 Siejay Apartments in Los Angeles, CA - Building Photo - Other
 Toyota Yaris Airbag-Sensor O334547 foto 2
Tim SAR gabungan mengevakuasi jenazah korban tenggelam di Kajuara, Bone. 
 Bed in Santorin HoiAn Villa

* * *

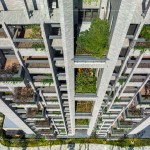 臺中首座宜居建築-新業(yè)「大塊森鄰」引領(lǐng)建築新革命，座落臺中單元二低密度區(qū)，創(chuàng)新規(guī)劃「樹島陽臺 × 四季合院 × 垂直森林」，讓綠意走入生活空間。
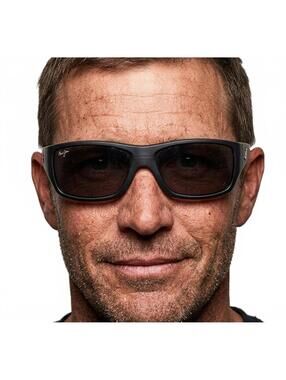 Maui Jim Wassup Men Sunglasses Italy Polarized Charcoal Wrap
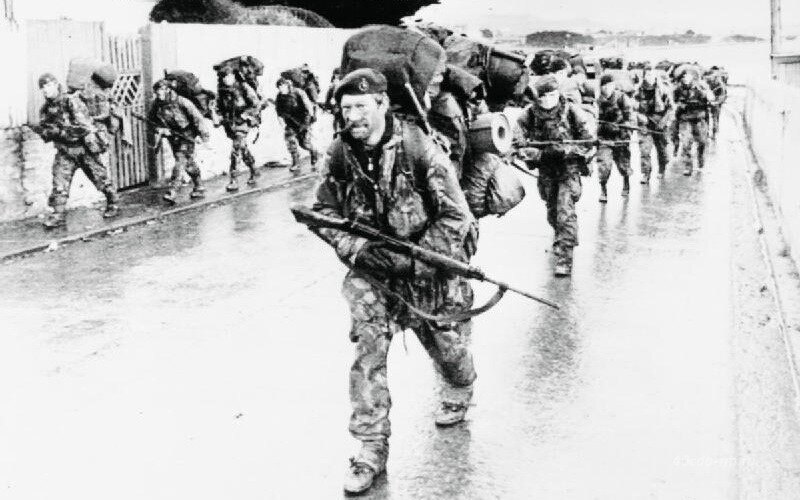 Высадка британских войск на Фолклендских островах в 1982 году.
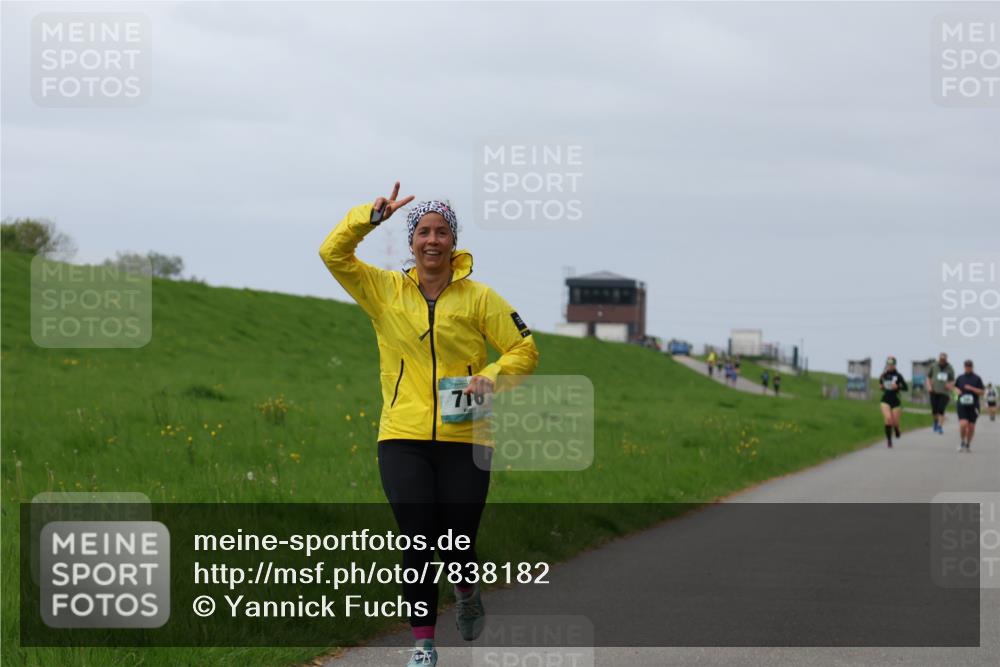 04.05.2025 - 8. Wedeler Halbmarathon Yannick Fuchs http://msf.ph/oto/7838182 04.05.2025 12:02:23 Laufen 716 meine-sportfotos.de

- EXERCISE INSTRUCTIONS:
Among the entries above, copy exactly only the lines starting with the one containing "Tim SAR gabungan" and going through the one containing "Bed in Santorin HoiAn Villa", both ends included.

- EXERCISE ANSWER:
Tim SAR gabungan mengevakuasi jenazah korban tenggelam di Kajuara, Bone. 
 Bed in Santorin HoiAn Villa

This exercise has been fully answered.